Data Mesh Simplified: A Reflection Of My Thoughts On Data Mesh
A simplified narration of data mesh principles, and comparison with the Data Lake
The Rise of Data Mesh
Data Mesh is a set of data engineering principles coined by Zhamak Dehghani from ThoughtWorks. I highly recommend reading How to Move Beyond a Monolithic Data Lake to a Distributed Data Mesh and Data Mesh Principles and Logical Architecture.
Data Mesh influenced by domain-driven design, emphasizing the importance of data ownership and shared tooling to generate, curate, and democratize data. Data Mesh principles getting good adaption in some of the leading organizations. Yelp talked about its data mesh journey, So does Netflix and Zalando.
Though the literacy around data mesh maturing, I see a few confusions around Data Mesh in a few blogs. I’m not an authoritative person to describe data mesh, but an attempt to convey what I learned about data mesh. I’m eager to hear the alternate viewpoints on this.
The sad state of data engineering
Now the fundamental question you may ask. Why Data Mesh and Why now? To understand Data Mesh, we need to understand the current state of the data engineering world. It may not directly apply to your organization, but most of the data infrastructure remains in this sad state.
Imagine you are writing a dictionary with only the words with no meaning for it. On top of it, you shuffle the words randomly and publish the dictionary without any index for it, and hire high-paid data engineers and analysts to decode the dictionary.
It is the current state of the data infrastructure. The modern data infrastructure has sophisticated systems like Kafka, Spark, and the ability to emit and process events at a petabyte-scale. Yet, the data generation process we follow is equivalent to writing a dictionary without meaning.
Wait, Don’t Data Lake solved It?
A data lake is a centralized repository that allows you to store all your structured and unstructured data at any scale. You can store your data as-is without having to structure the data.
As the definition suggests, Data Lake focuses on centralized data storage to break the organization's data silo. The central repository removes entry barriers to integrate and analyze from various data sources in an organization.
However, as the data lake grows, the complexity of the data management grows.
The producer of the data generates data and sends it to the data lake.
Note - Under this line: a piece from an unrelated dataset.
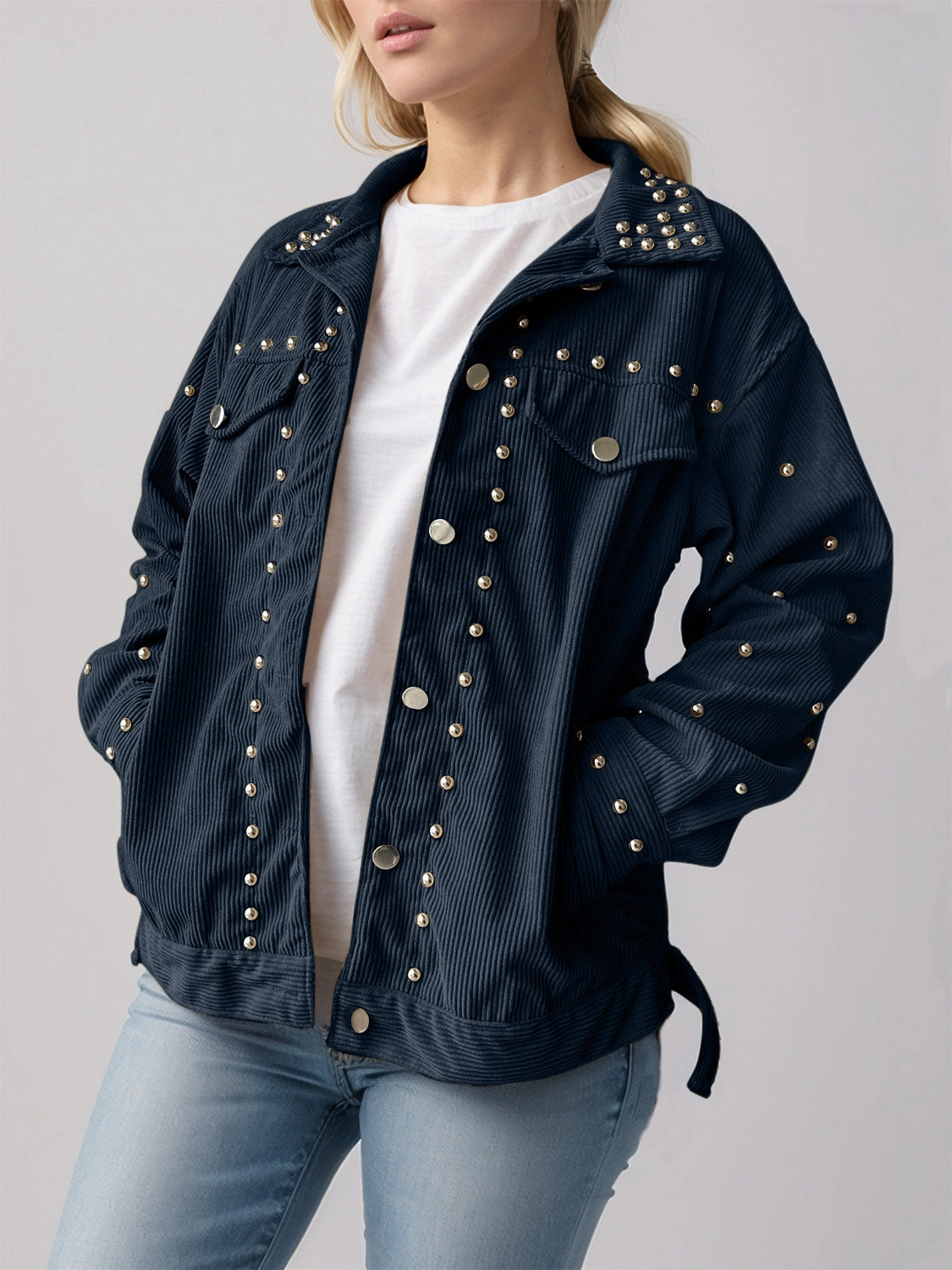 Dont Miss Out Studded Collared Neck Button Up Jacket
The consumers down the line have no domain understanding of the producer and struggle to understand the data lake data.
The consumers then connect with the data producer to understand the data. At that point, the producer side's domain expertise depends on human knowledge that may or may not available.
As Data Lake grows, it becomes a technical debt rather than a strategic advantage.
How Data Mesh Solve It?
Data Mesh is an enterprise data platform principle that converges the principles from Distributed Domain Driven Architecture, Self-serve Platform Design, and Thinking Data as a Product.
Data Mesh focuses on treating data as a product. The feature team that works on the product feature has the domain understanding of the data, not the data's consumer. Data Mesh pushes the data ownership responsibility to the feature team to create, attach metadata, catalog the data, and store it for easier consumption.
The data curation and the cataloging of the data at the data creation phase bring more visibility to the data and make it easier for consumption. The process also eliminates human knowledge silo and truly democratize the data. It helps the data consumers not worry about the data discovery and focuses on producing value from the data.
How Data Lake Different From Data Mesh?
Data Lake is like a reporter writing an article for the New York Times. The reporter goes and interviews related people to write a story, fact checks it, and delivers a reporter narration to the readers.
Data Mesh is like writing a book for O'Reilly or similar publications. The publication provides a foundational infrastructure for all the authors. The authors write their views, add index, and glossary for the book and deliver their narration to the readers.
But, There Is Always A Catch
Data Mesh sounds very cool, but there is always a catch. This is a great Twitter thread summarizing the challenges in adoption.
As I mentioned, If we blindly adopt Data Mesh principles without the proper tooling, it can easily lead us to the good old org data silo problem. As mentioned in the below Tweet, no tool can fix the problem.
The following threads narrate the observation from the industry and how to adapt the Data Mesh principles.
Data Mesh is not a technology or a storage solution instead of a set of principles to streamline its data management. As Gwen, Sriram, Kishore, and Vinoth pointed out, it is an invisible structure in most organizations and requires proper tooling to enable the Data Mesh principles.
The analogy of evolving monolithic architecture to microservices architecture fits well with the Data Mesh principles. If you are starting up, a monolithic architecture may work well for you. As you grow, focus on building tools to label, catalog, organize, and search your data, leading to the adoption of the Data Mesh principles.
Links are provided for informational purposes and do not imply endorsement. All views expressed in this blog are my own and do not represent current, former, or future employers' opinions.